Task item. Please repeat the whole listing exactly, but leave out any picture it holds.

Collected material.
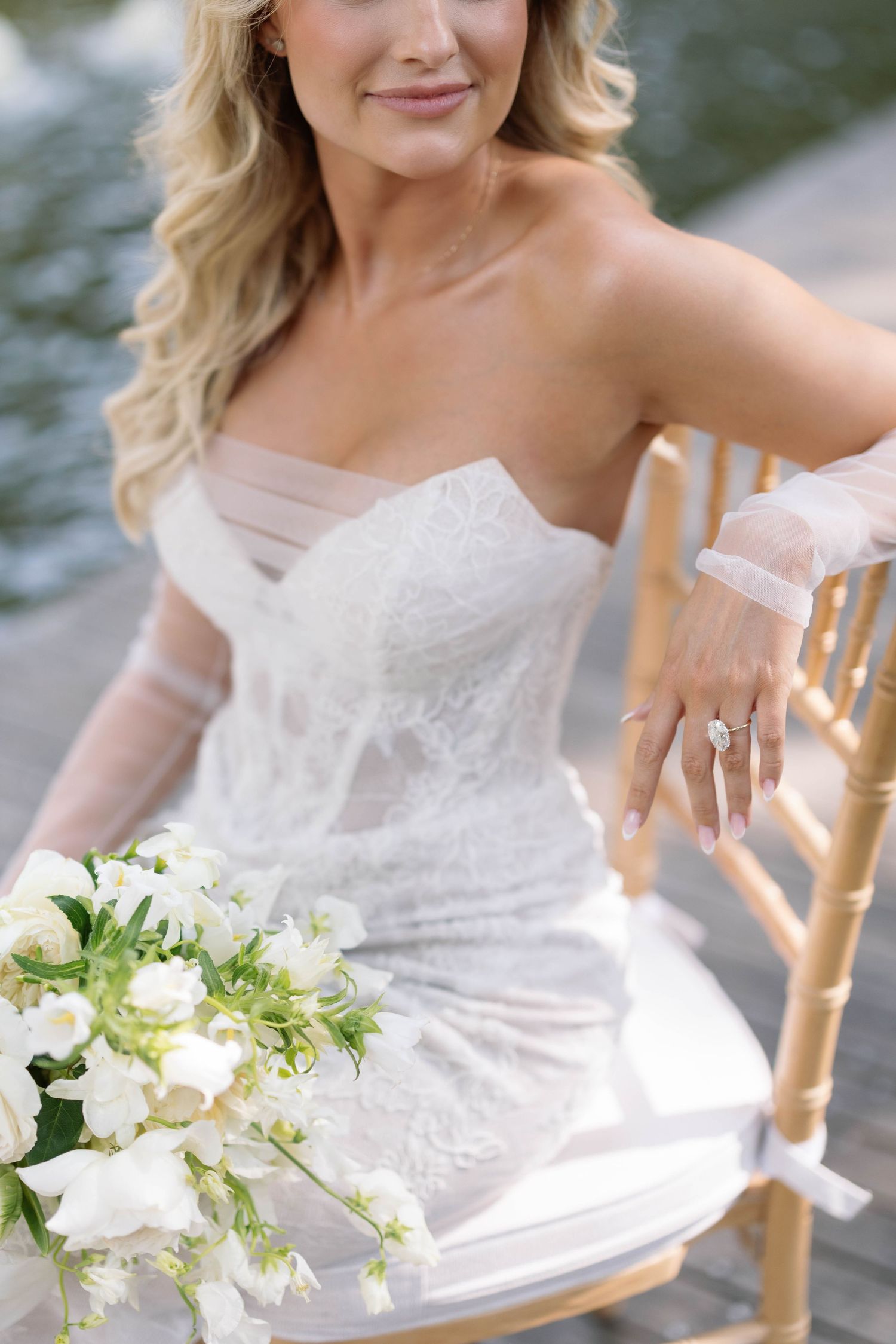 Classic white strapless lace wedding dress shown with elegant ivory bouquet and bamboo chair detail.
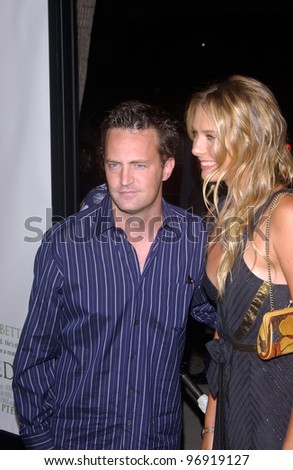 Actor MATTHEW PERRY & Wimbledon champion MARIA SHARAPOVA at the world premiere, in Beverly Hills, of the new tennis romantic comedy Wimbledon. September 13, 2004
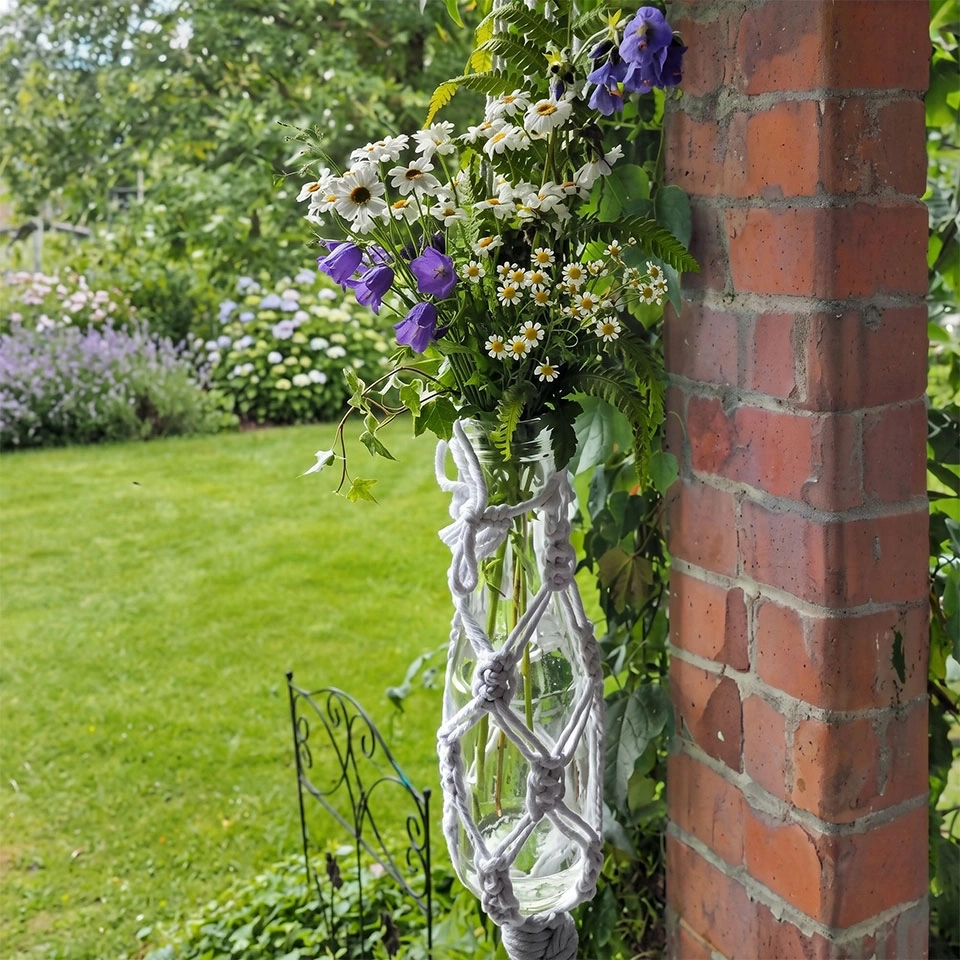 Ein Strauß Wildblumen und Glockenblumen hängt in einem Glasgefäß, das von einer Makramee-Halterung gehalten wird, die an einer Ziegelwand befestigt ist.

Finished task.
 Classic white strapless lace wedding dress shown with elegant ivory bouquet and bamboo chair detail.
 Actor MATTHEW PERRY & Wimbledon champion MARIA SHARAPOVA at the world premiere, in Beverly Hills, of the new tennis romantic comedy Wimbledon. September 13, 2004
 Ein Strauß Wildblumen und Glockenblumen hängt in einem Glasgefäß, das von einer Makramee-Halterung gehalten wird, die an einer Ziegelwand befestigt ist.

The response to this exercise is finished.